- WHAT YOU SHOULD DO: The reply is a verbatim copy of the listing below with its images dropped.

- DATA PROVIDED:
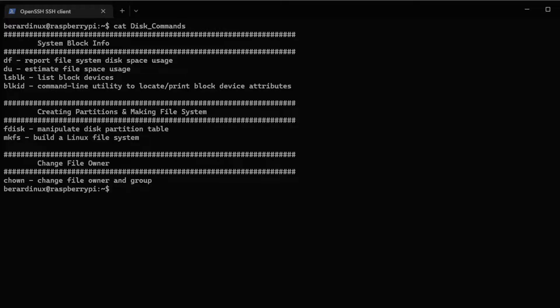Today we're going to be going over how to mount a drive on your Linux box. It can be a little intimidating especially if you haven't done it before, but I'm just going to go over a few commands to help you out. The first command is df, which shows you how much space is on your drive, how much you've used, and how much you have left. The du command is useful for finding out how much disk space a file is taking up.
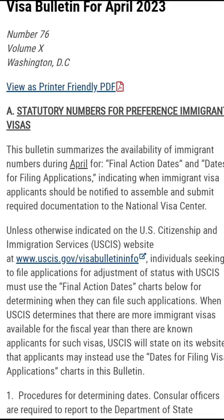Hello everyone, welcome and welcome back. In today's video, we're going to be looking at the visa bulletin for April.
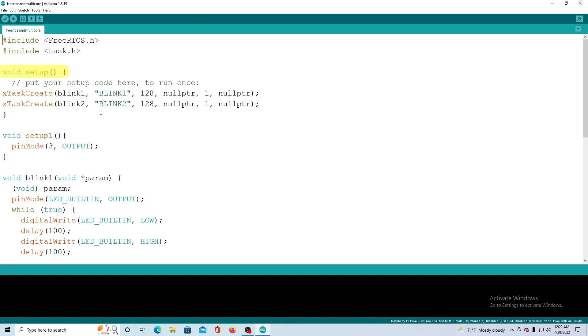Next we come to setup where we create the tasks. For more information about XTaskCreate see my last video Raspberry Pi Pico, FreeRTOS and Arduino.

- SOLVED EXERCISE:
Today we're going to be going over how to mount a drive on your Linux box. It can be a little intimidating especially if you haven't done it before, but I'm just going to go over a few commands to help you out. The first command is df, which shows you how much space is on your drive, how much you've used, and how much you have left. The du command is useful for finding out how much disk space a file is taking up.
Hello everyone, welcome and welcome back. In today's video, we're going to be looking at the visa bulletin for April.
Next we come to setup where we create the tasks. For more information about XTaskCreate see my last video Raspberry Pi Pico, FreeRTOS and Arduino.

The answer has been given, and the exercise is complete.